Breastfeeding senator breaks taboo, makes history in Aussie parliament
Instead of breastfeeding on the job, maybe she could've stayed home with her infant child like a decent mother.— Kitten Nationalist (@cationalism) May 10, 2017
@cnni Kudos! Here's to many women reforming the world and making it a better place.— Aisha G (@DistinguishedAG) May 10, 2017
@ndtv It is be done in private room not in the senate. One has appreciate for her care to her baby.— Adv.P.Sathya Prakash (@sathya_adv) May 10, 2017
@larissawaters "A woman feeds her baby." Shouldn't even be news today. 😊— James (@prah001) May 10, 2017
Greens Senator Larissa Waters nursed her two-month-old baby in parliament during a vote on Tuesday.
Waters, co-deputy leader of the Greens, introduced changes to the Senate last year to allow female lawmakers to briefly care for infants on the parliament floor. The House of Representatives followed suit.
Waters shared a photograph of Victorian MP Kirstie Marshall on her Facebook page. In 2003, Marshall was removed from Victoria’s parliament for breastfeeding her baby.

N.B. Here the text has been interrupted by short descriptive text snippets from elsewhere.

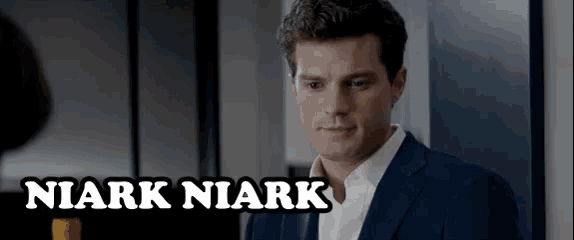 a man in a suit and white shirt is standing in front of a mirror with the name niark niark written above him .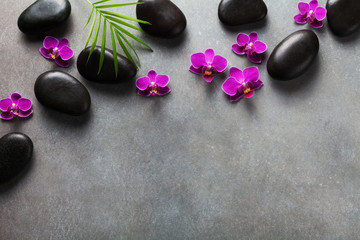 Fototapeta na wymiar Spa composition with flowers, green leaves and massage stone on gray background top view. Beauty treatment and relaxation concept. Flat lay. .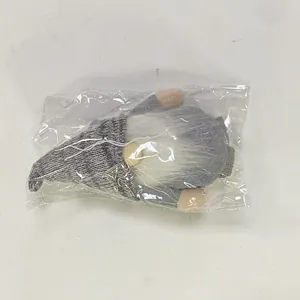 Detail of a handmade plush Christmas gnome with gray knit hat and white beard in packaging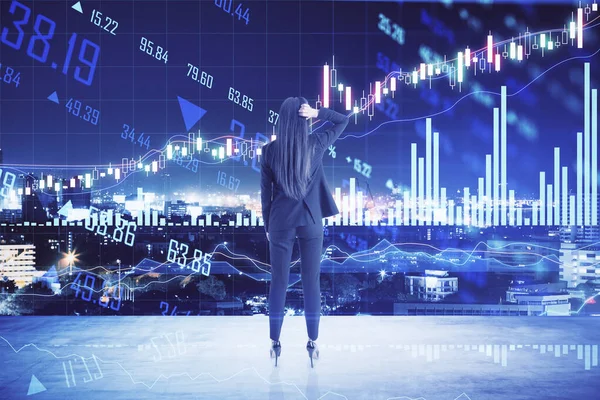 Online trade market success with businesswoman looking at big digital screen with growing up financial chart quotes and diagram at night city background. Double exposure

“In 2003 Kirstie Marshall a Victorian MP was ejected from State Parliament for breastfeeding her 11-day old baby girl,” Waters said.

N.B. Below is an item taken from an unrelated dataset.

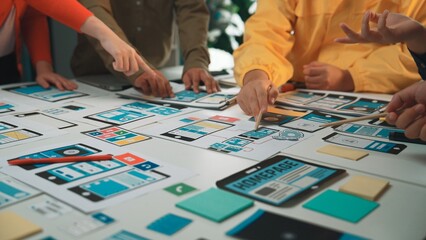 A diverse team collaborates during a design session, pointing at mobile app wireframes and sketches...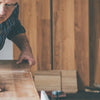 A man is using a multi-function oscillating cutting blade on a piece of wood in a workshop setting.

“Sometimes it’s difficult not to get disheartened by the sexism women still face in the workplace. But sometimes it pays to look back and see how far we have come,” she added.
Parliament rules were amended later that year to allow breastfeeding, but Waters is the first to take advantage.
While Waters made history in Australia, some European parliaments have already seen women breastfeeding their children.
Last October, Icelandic MP Unnur Brá Konráðsdóttir nursed her child while addressing parliament during a debate.